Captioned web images
# # # # # # #

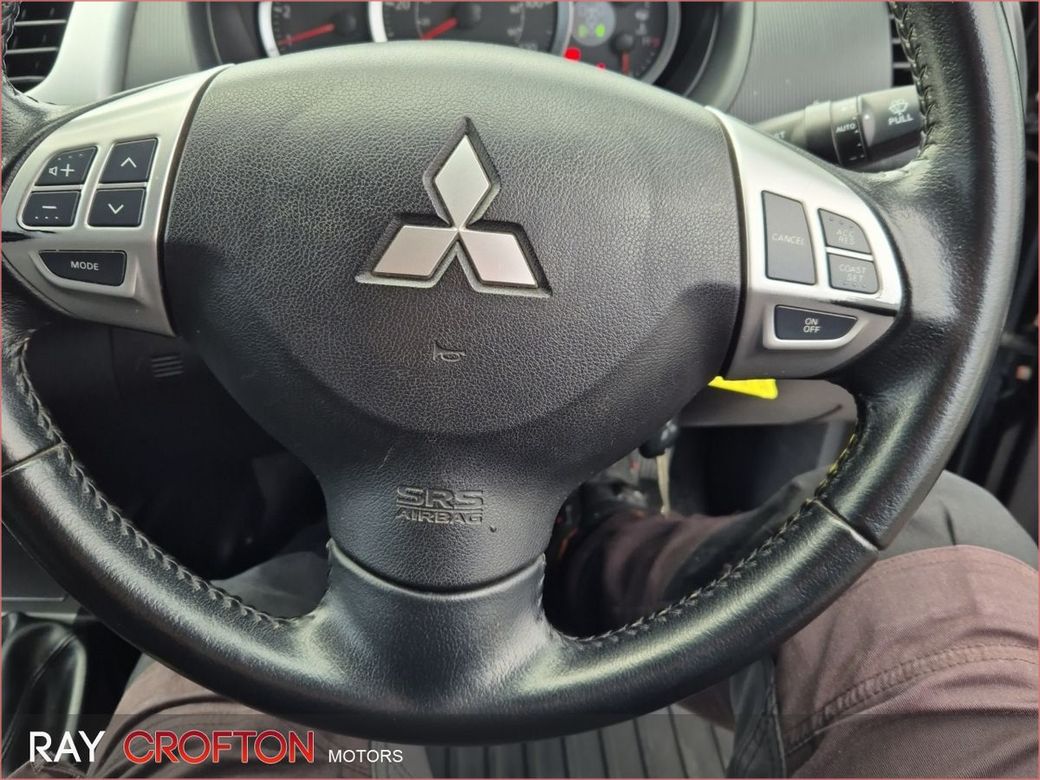 2015 Mitsubishi L200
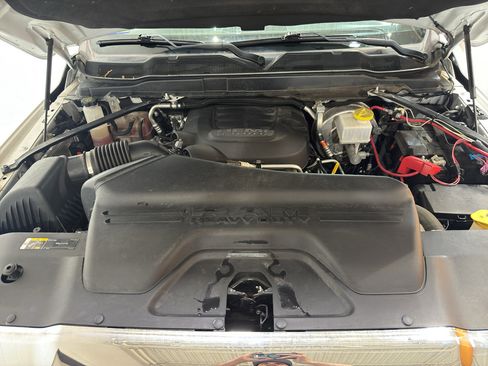 Used 2021 RAM 2500 Tradesman AWD/4WD image 33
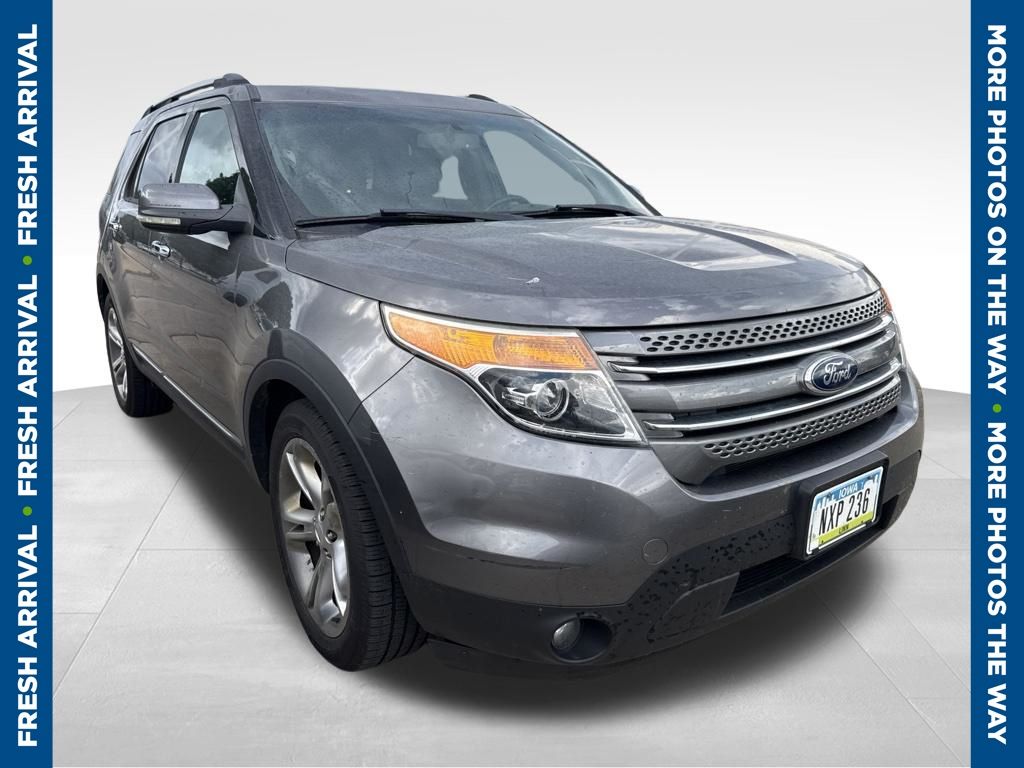 2013 Ford Explorer Limited's photo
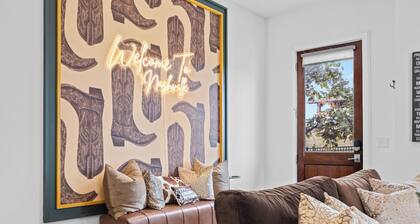 Walk to Broadway / Rooftop w/ City Views / 14 beds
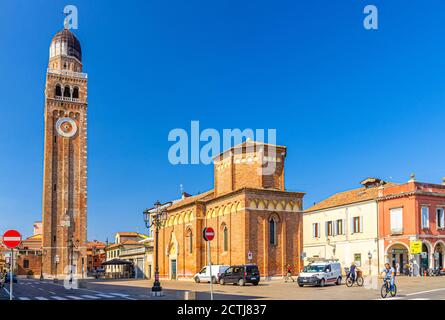 Chioggia, Italien, 16. September 2019: Uhr und Glockenturm der Kathedrale Santa Maria Assunta Duomo und Chiesa di San Martino katholisches Kirchengebäude im historischen Stadtzentrum, blauer Himmel am Sommertag Stockfoto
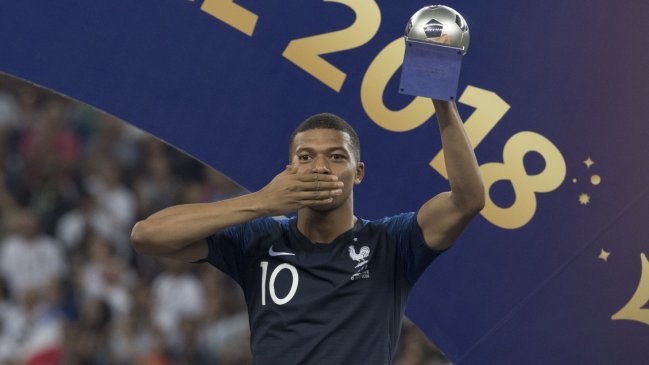 Francia investiga las donaciones de Mbappé a cinco policías
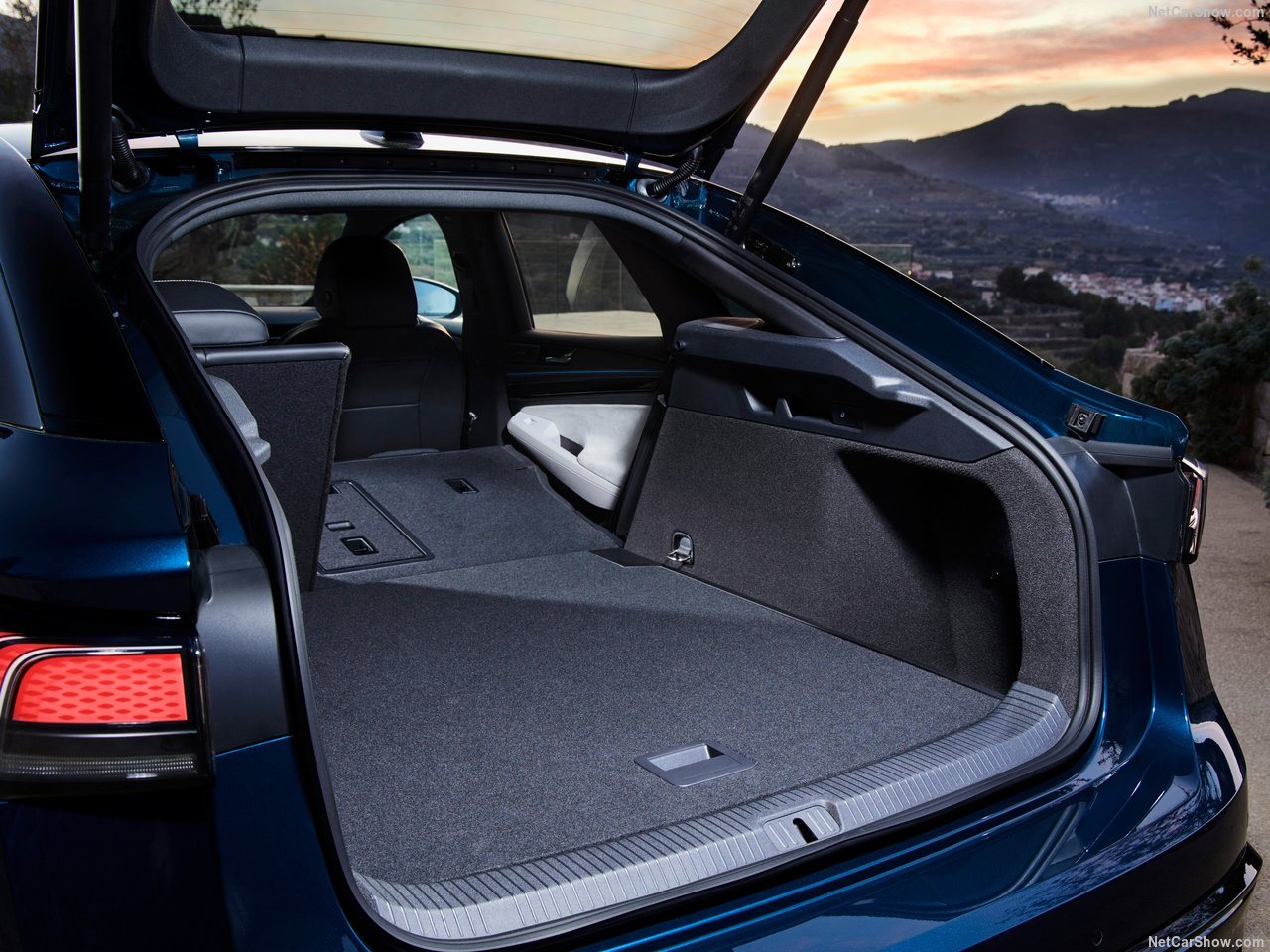 VOLKSWAGEN ID.7, foto 111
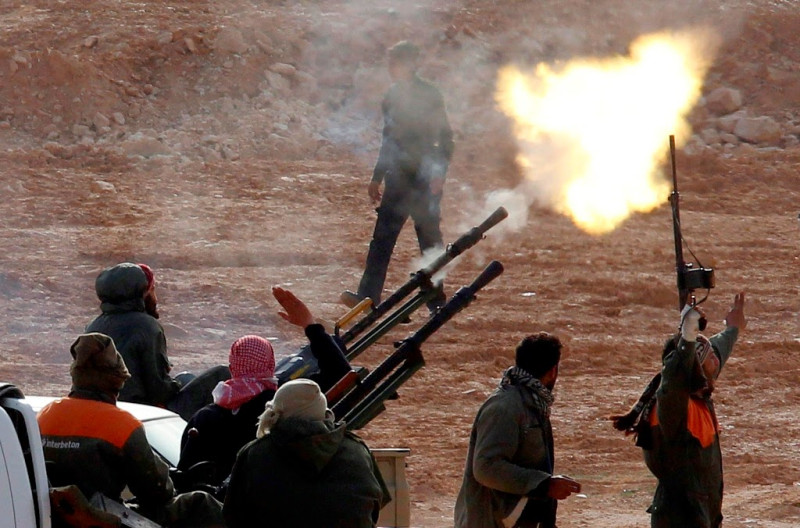 利比亞境內戰火頻傳，各股勢力擁兵自重，割據地盤，圖為革命軍開火畫面。   圖：達志影像/路透社資料照片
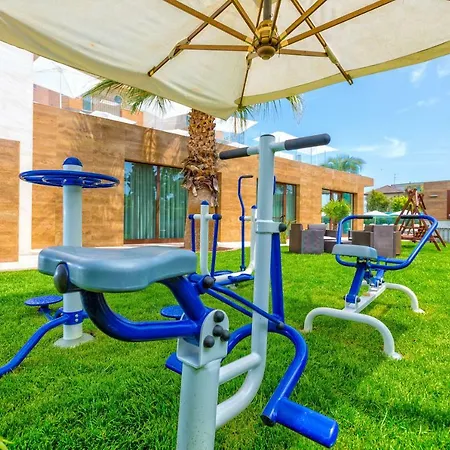 Hotel Almaluna & Alba Adriatica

# # # # # # #

How to complete this task:
Your copy should hold only the lines running from the one that contains "VOLKSWAGEN ID.7, foto 111" through the final line of the data; transcribe them exactly, both ends included, and leave pictures out.

Solution below:
 VOLKSWAGEN ID.7, foto 111
 利比亞境內戰火頻傳，各股勢力擁兵自重，割據地盤，圖為革命軍開火畫面。   圖：達志影像/路透社資料照片
 Hotel Almaluna & Alba Adriatica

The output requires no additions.